In the 45 years since the beginning of widespread use of information technology, we have seen a swing from a focus on automation to an emphasis on data. Could we now be on the cusp of a new paradigm that will push data management to an even higher level, perhaps a model that goes beyond what we can do with traditional data stores? There is reason to think we are at a point where this is a distinct possibility.

Into the Cloud

The new paradigm has its origins in cloud computing. Like so many developments in IT, cloud means different things to different people. The notion of cloud computing originated with the idea that existing IT infrastructure not working to capacity could be rented out, or even made available for free, for owners unwilling to invest in additional dedicated resources to run applications. Amazon is a good commercial example of this. Academic institutions have pioneered similar innovations in grid computing, which is typically used to meet the needs of research programs by accessing unused capacity across networks. The widely documented SETI@home project is one example in this area, and is not a new model. Those of us old enough to remember the heyday of mainframes can recall time-sharing, whereby spare capacity was rented out to enterprises that did not have enough of their own.


As the cost of hardware declined over a period of years, the idea that commodity servers could be bundled together began to take shape. Among other things, this could provide fault tolerance so that large arrays of cheap devices could be configured in such a way that some would back up others that might fail. Thus, a lot of cheap components could rival much more expensive architectures. Today, this has become a reality, and arrays of cheap servers can provide ultra large scale (ULS) computing environments.

A hardware foundation built of arrays of commodity servers makes cloud computing possible. The ULS architecture provides the means to host many applications, but it has still broader appeal. ULS might mean that we will be able to carry out computing tasks that were impossible for previous generations of hardware and software. One tempting possibility is the ability to process hitherto unimaginably large volumes of data - big data.

Emulating Google

One company that has blazed a trail in this area is Google, whose stated mission is to "organize the world's information and make it universally accessible and useful." Google is already recognized as highly successful and a model many wish to emulate. If Google can monetize the vast sets of data that exist on the Web, why shouldn't other enterprises be able to get value from similar sets of data, wherever they originate?

The hardware deployed for cloud computing is part of the answer to this question. But there is another, perhaps more controversial, component that revolves around how data will be held and processed in the ULS environments. Google put an early stake in the ground with its famous 2006 paper on BigTable. This describes a data storage approach that uses thousands of commodity servers to manage data volumes in the petabytes. It is flexible and capable of high performance, but it is not relational.

This presents a problem of its own, because since the 1970s, the relational model has come to dominate the way we think about databases. Data management teaches that the relational model is the one and only right way to do things. Yet, just as cloud computing echoes mainframe time-sharing, so too does BigTable contain hints of long-forgotten days. Those who remember variable-length ISAM files with multiple record types might be forgiven a wry smile as they contemplate some of the characteristics of BigTable.

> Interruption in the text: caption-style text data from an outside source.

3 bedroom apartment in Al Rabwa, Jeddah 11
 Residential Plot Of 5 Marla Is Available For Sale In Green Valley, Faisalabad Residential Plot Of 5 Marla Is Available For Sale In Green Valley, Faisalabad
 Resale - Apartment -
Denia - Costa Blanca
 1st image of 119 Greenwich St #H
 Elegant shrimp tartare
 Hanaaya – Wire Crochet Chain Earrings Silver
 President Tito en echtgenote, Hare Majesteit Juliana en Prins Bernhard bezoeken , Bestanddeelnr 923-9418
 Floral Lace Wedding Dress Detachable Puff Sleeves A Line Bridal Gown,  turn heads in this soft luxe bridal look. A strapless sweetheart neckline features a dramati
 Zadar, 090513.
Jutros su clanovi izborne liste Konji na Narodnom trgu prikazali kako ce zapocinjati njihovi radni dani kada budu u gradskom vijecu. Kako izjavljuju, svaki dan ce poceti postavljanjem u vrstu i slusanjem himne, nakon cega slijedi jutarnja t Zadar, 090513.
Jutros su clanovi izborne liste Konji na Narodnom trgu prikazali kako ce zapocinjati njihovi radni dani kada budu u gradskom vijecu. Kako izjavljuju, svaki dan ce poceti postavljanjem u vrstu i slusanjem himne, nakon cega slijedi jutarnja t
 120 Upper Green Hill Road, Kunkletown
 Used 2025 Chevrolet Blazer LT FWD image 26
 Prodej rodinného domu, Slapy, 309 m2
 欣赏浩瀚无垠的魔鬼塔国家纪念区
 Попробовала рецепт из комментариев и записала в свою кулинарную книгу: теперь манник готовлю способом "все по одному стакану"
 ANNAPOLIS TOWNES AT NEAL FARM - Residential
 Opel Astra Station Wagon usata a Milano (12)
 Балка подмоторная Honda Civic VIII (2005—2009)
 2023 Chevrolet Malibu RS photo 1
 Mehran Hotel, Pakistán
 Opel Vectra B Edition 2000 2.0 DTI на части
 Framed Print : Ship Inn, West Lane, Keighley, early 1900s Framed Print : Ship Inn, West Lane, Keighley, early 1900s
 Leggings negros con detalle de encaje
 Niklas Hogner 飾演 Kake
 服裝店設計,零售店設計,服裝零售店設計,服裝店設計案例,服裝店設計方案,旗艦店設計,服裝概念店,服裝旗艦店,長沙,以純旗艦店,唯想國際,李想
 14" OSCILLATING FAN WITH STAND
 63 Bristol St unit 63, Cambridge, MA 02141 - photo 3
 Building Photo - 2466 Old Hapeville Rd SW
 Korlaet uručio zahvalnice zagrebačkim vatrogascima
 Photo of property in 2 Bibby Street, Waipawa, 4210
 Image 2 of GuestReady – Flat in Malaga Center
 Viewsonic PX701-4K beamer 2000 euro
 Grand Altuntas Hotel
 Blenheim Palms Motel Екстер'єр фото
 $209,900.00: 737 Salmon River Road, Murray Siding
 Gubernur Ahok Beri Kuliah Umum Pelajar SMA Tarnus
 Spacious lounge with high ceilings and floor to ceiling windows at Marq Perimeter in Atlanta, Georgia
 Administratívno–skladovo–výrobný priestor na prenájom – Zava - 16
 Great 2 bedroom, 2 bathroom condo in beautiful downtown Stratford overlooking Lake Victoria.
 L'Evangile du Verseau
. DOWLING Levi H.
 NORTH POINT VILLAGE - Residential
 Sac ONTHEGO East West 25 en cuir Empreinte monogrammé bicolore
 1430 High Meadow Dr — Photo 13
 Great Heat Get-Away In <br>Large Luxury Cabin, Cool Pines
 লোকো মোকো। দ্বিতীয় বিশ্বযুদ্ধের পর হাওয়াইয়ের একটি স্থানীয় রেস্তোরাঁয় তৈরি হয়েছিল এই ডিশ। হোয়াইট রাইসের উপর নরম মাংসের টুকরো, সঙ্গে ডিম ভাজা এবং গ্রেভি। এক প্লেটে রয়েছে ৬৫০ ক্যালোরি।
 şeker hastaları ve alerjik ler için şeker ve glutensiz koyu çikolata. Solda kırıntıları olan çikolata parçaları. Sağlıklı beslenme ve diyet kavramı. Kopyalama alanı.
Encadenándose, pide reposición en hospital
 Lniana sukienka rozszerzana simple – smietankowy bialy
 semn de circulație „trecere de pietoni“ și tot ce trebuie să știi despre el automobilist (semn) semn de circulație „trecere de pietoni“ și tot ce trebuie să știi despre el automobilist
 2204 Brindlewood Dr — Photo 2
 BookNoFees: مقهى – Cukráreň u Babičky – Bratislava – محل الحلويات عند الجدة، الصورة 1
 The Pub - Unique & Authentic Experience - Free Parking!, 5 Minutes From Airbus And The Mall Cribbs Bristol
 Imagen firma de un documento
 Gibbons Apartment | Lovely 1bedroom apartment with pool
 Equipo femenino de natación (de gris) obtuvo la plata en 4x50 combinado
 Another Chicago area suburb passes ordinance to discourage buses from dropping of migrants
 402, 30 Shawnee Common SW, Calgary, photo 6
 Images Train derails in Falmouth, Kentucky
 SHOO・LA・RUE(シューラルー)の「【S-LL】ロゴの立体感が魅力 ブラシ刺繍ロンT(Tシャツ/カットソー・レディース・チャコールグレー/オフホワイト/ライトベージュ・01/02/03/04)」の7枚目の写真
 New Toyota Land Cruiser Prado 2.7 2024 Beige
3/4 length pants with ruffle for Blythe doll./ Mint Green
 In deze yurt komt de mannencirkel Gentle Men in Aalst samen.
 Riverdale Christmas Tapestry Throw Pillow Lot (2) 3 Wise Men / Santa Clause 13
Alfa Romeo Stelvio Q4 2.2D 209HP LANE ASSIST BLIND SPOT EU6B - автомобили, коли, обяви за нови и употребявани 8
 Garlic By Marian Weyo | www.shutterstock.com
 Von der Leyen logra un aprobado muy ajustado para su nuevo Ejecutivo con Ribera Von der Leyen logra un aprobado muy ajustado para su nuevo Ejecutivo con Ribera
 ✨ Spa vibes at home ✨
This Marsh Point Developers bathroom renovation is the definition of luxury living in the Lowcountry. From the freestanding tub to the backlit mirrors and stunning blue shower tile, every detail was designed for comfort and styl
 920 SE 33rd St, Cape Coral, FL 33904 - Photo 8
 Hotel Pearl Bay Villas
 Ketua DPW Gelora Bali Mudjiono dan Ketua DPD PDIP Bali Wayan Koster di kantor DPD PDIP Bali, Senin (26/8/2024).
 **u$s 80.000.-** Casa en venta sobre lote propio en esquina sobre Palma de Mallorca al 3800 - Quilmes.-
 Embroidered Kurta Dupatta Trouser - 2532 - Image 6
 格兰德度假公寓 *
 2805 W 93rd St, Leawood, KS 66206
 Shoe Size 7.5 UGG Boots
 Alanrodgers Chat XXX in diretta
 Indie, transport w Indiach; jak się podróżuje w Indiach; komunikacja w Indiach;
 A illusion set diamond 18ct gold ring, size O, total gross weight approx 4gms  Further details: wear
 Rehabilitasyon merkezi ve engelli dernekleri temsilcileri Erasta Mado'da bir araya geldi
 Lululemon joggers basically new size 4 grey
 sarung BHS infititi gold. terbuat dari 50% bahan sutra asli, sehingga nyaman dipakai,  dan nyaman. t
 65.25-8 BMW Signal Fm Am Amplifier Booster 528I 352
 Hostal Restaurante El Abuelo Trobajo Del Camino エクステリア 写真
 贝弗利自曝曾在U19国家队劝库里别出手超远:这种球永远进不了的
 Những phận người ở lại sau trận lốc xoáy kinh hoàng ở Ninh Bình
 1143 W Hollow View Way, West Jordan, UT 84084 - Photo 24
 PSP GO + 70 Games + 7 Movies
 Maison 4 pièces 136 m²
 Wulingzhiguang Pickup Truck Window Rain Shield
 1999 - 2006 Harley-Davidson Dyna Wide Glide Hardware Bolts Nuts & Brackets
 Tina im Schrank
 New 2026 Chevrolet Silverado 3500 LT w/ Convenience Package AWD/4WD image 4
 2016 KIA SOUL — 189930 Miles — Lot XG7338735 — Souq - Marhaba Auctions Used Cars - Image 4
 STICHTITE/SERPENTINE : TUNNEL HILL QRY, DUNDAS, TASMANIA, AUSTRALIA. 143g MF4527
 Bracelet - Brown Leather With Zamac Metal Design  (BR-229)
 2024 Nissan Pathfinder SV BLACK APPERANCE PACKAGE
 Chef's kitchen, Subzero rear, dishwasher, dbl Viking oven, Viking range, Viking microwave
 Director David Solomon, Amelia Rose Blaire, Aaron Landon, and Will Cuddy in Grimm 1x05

BigTable is beginning to get some competition with Apache Hadoop, HBase and the like. The architecture and design of these databases is similar to BigTable, and very unrelational. A big part of the secret sauce in them is what is called MapReduce. This is a way of splitting the processing of a large set of data into smaller pieces that can be handled independently - and in parallel, thus providing high performance.

This approach has its critics. David DeWitt and Michael Stonebraker have called MapReduce a major step backward. These are serious authors who deserve attention, but given that the relational paradigm has ruled unchallenged for decades, any break with it could be expected to generate controversy. Only time will tell in this debate.

Finally, Big Data

Assuming that the hardware and software will work, what will it work on? The answer to that is becoming increasingly obvious. Vast amounts of structured, semistructured and unstructured data are now commonplace. How big is all this? It is difficult to say, but reliable reports have found organizations already processing at the petabyte level. Rates of data production will probably rise in potentially staggering volumes in the years to come.

It is likely that this data will not just come from the Web, but will also be found in servers within enterprises. Some of it will be publicly available, some will be proprietary. It will be quite heterogeneous, and any use of it will present an integration challenge considerably greater than anything we see with enterprise data warehouses.

What will it look like? Personally, I think big data environments will always be focused on taking in existing data rather than producing it. The relational paradigm of tuples of related data will probably not fit because of these heterogeneous origins. Arrays of ontologies, rather than single data models, will describe it. There will be an immense data management problem in understanding the sources that are brought into such environments.

What will it be used for? Probably to search and make associations that will involve the production of enriching metadata and data. Meta-analysis and discovery of individual facts will likely be important, too.

Of course, these are only guesses, but big data will almost certainly be different. We live in exciting times.